[Caption-style text data]

....

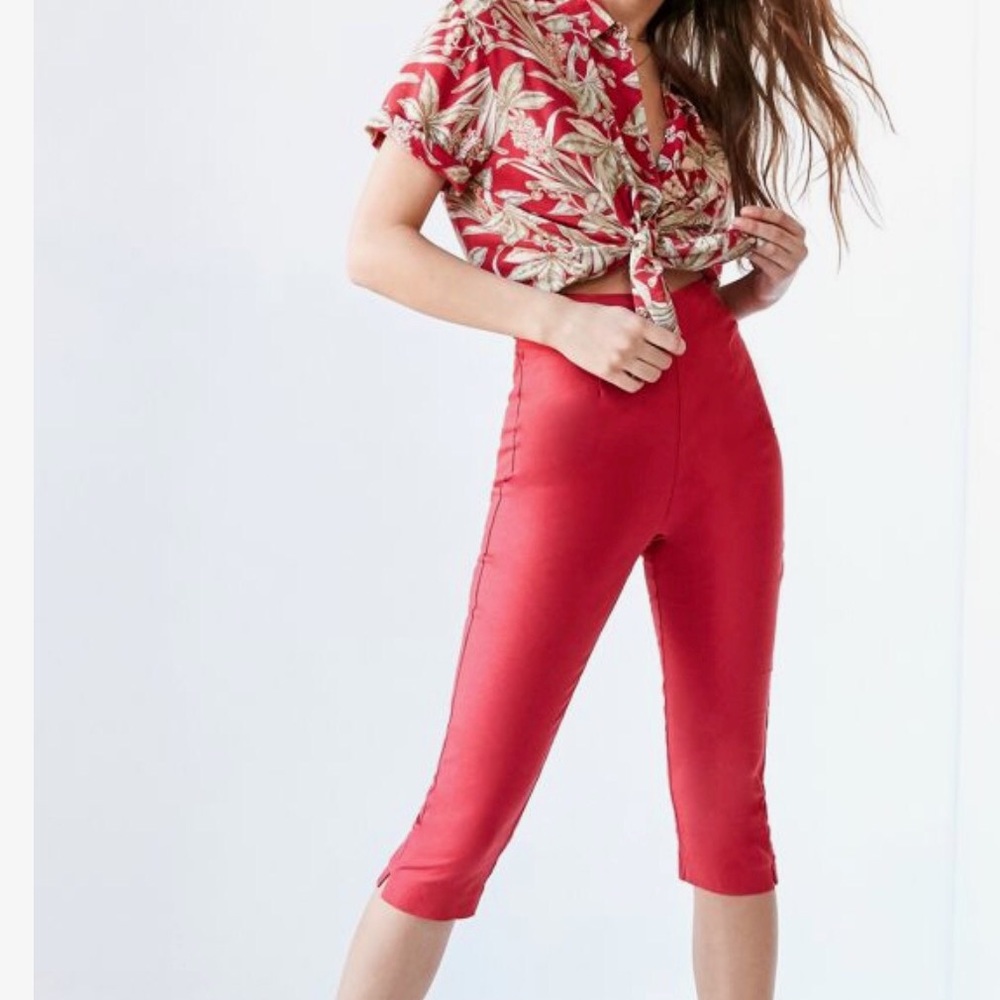Crop Red Pants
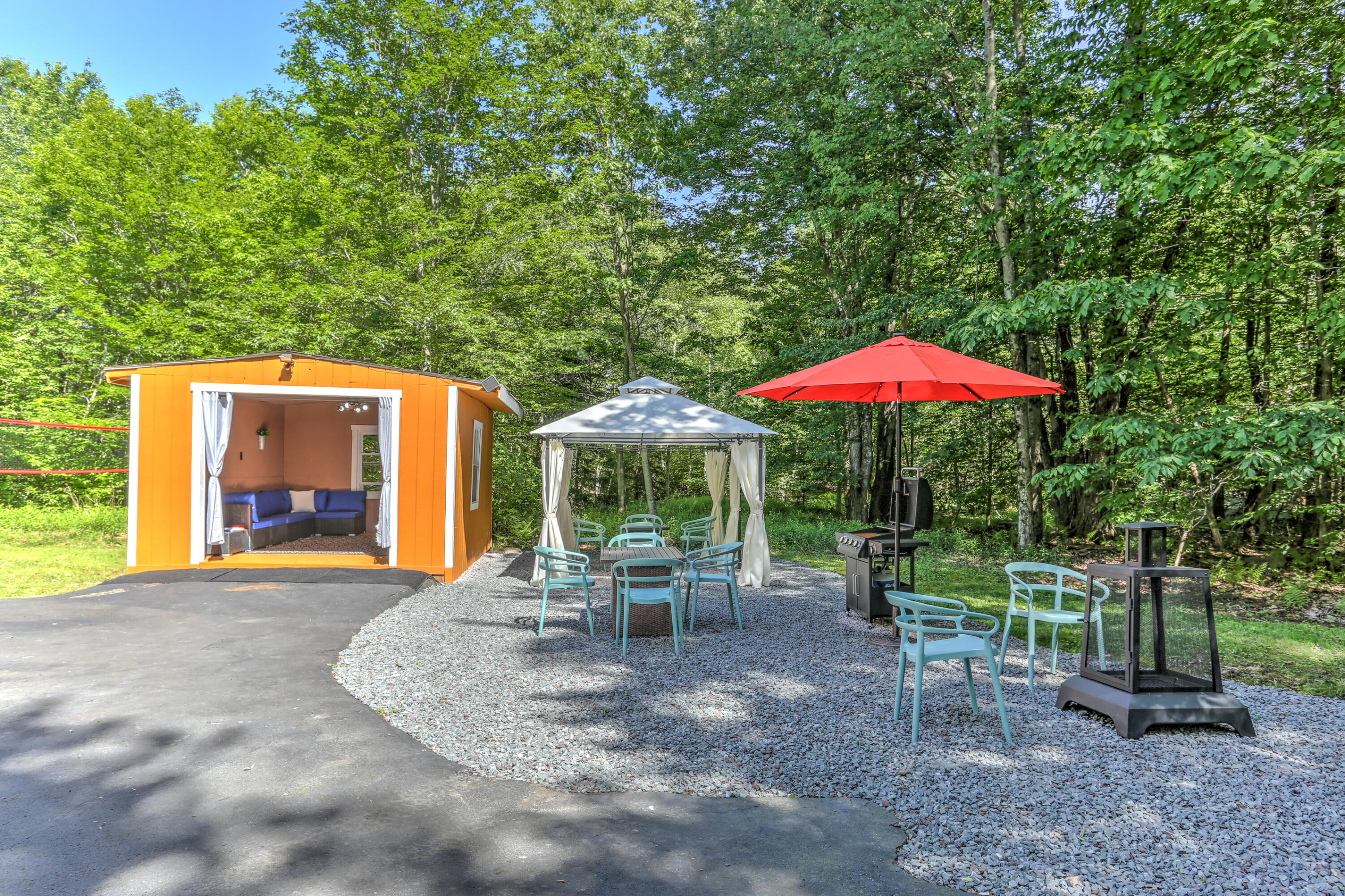 316 Sidney Avenue, Pocono Summit, Pennsylvania image 5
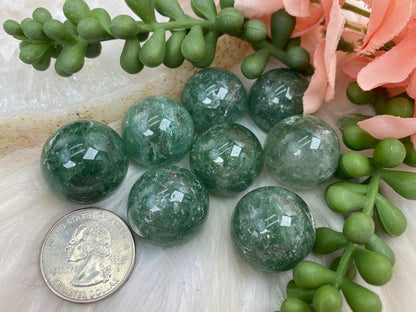 Green-Aventurine-Spheres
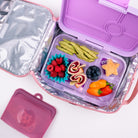 Zapakowany pojemnik Yumbox - z akcesoriami w postaci patyczków do koreczków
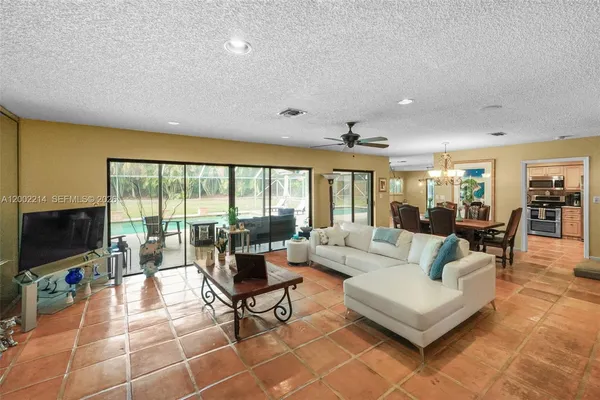 $5,900 | 6975 Bianchini Circle, Boca Raton, FL 33433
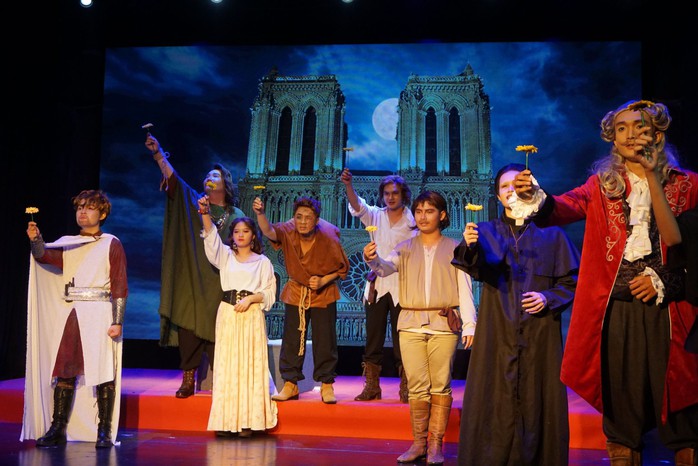 NSƯT Vũ Xuân Trang "thử lửa" diễn viên trẻ với "Nhà thờ Đức bà Paris"- Ảnh 7. NSƯT Vũ Xuân Trang "thử lửa" diễn viên trẻ với "Nhà thờ Đức bà Paris"- Ảnh 7.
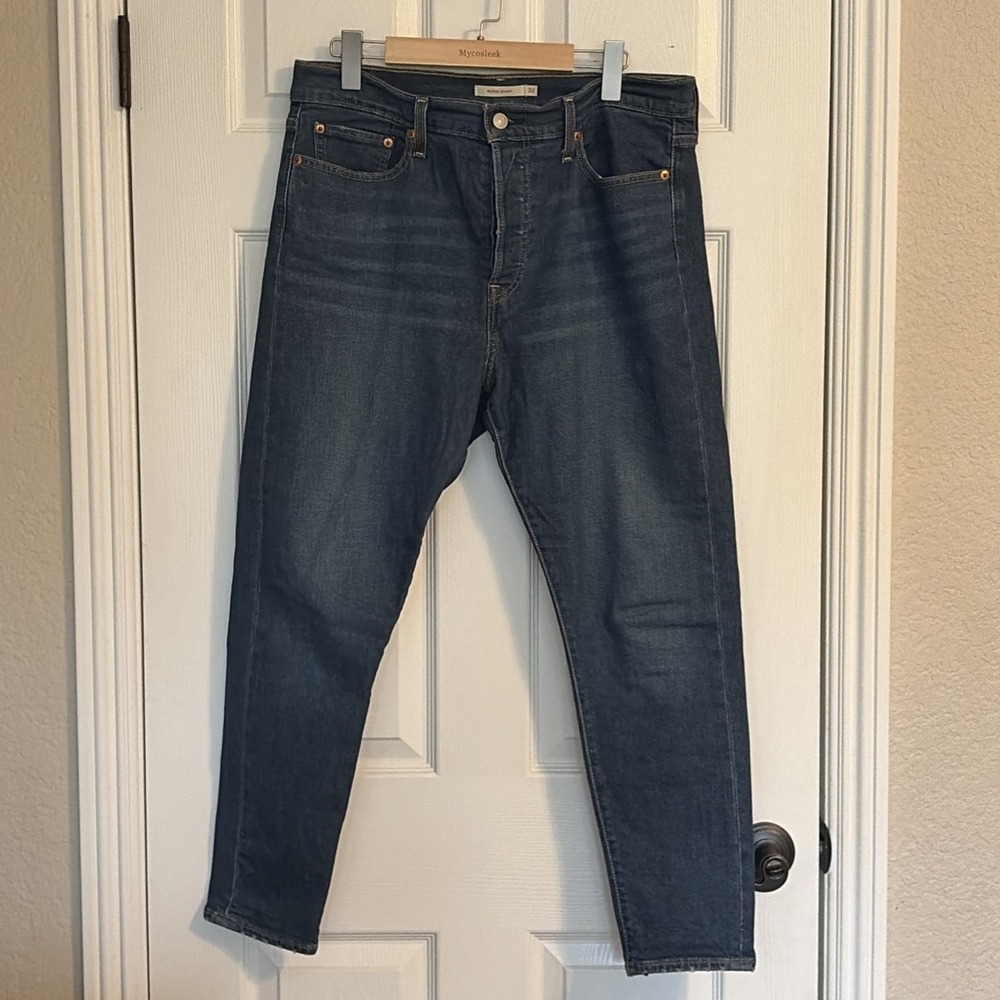 Levi Strauss Wedgie Skinny Jeans Women's‎ Size 32 Dark Wash Button Fly Hi-Rise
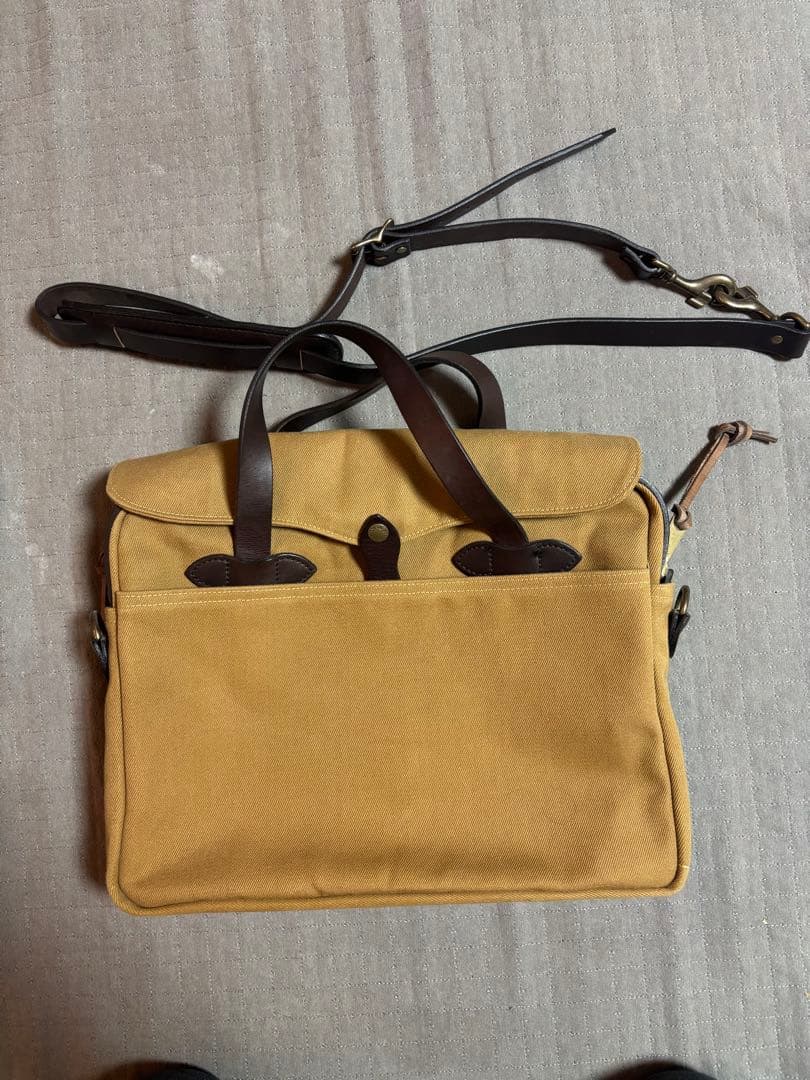 美品 FILSON フィルソン オリジナルブリーフケース　タンカラー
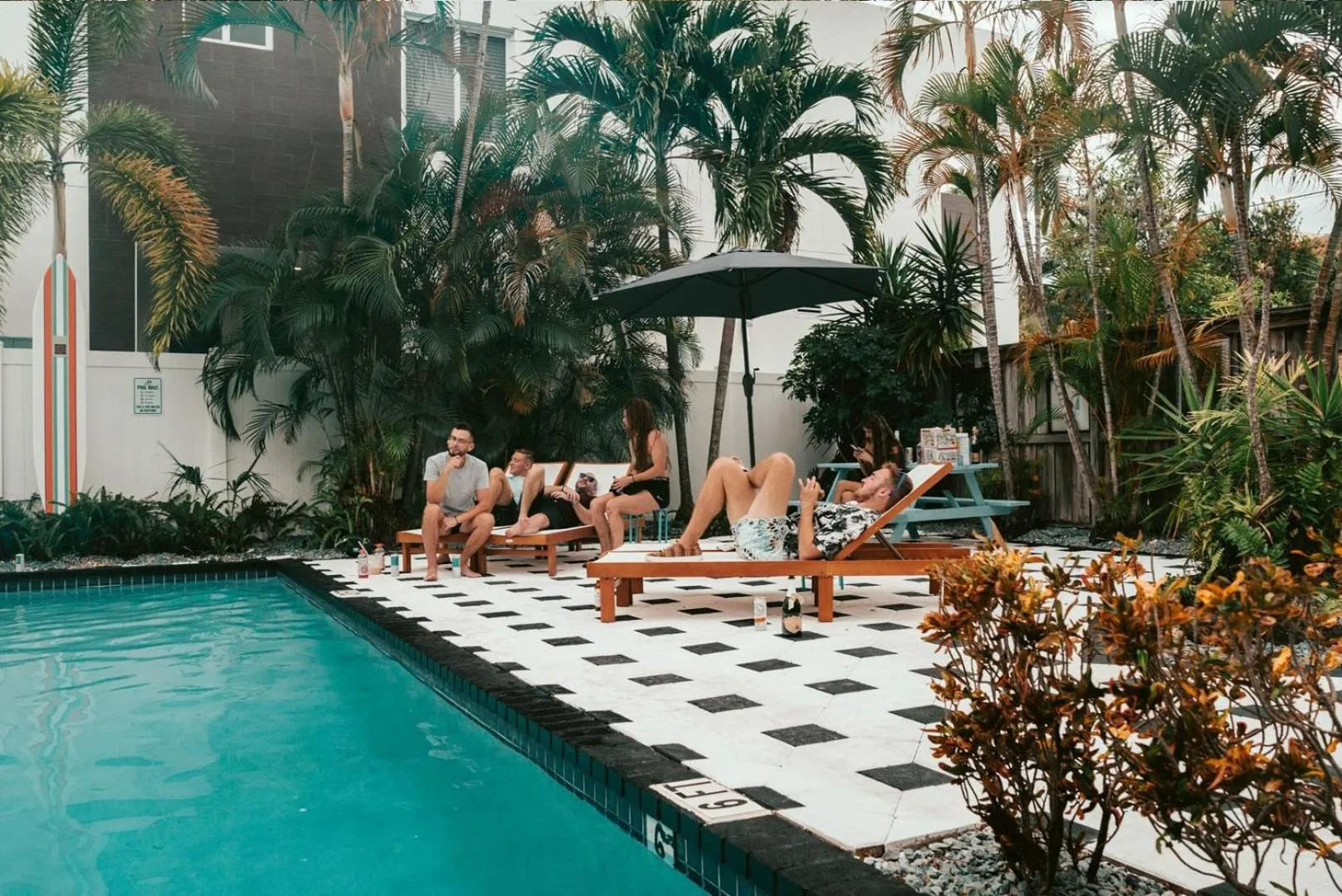 Las Olas Guest House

....

Your reply should hold only the lines running from the one with "Ảnh 7. NSƯT" to the end of the data above, set down exactly, pictures omitted.

Task result →
 NSƯT Vũ Xuân Trang "thử lửa" diễn viên trẻ với "Nhà thờ Đức bà Paris"- Ảnh 7. NSƯT Vũ Xuân Trang "thử lửa" diễn viên trẻ với "Nhà thờ Đức bà Paris"- Ảnh 7.
 Levi Strauss Wedgie Skinny Jeans Women's‎ Size 32 Dark Wash Button Fly Hi-Rise
 美品 FILSON フィルソン オリジナルブリーフケース　タンカラー
 Las Olas Guest House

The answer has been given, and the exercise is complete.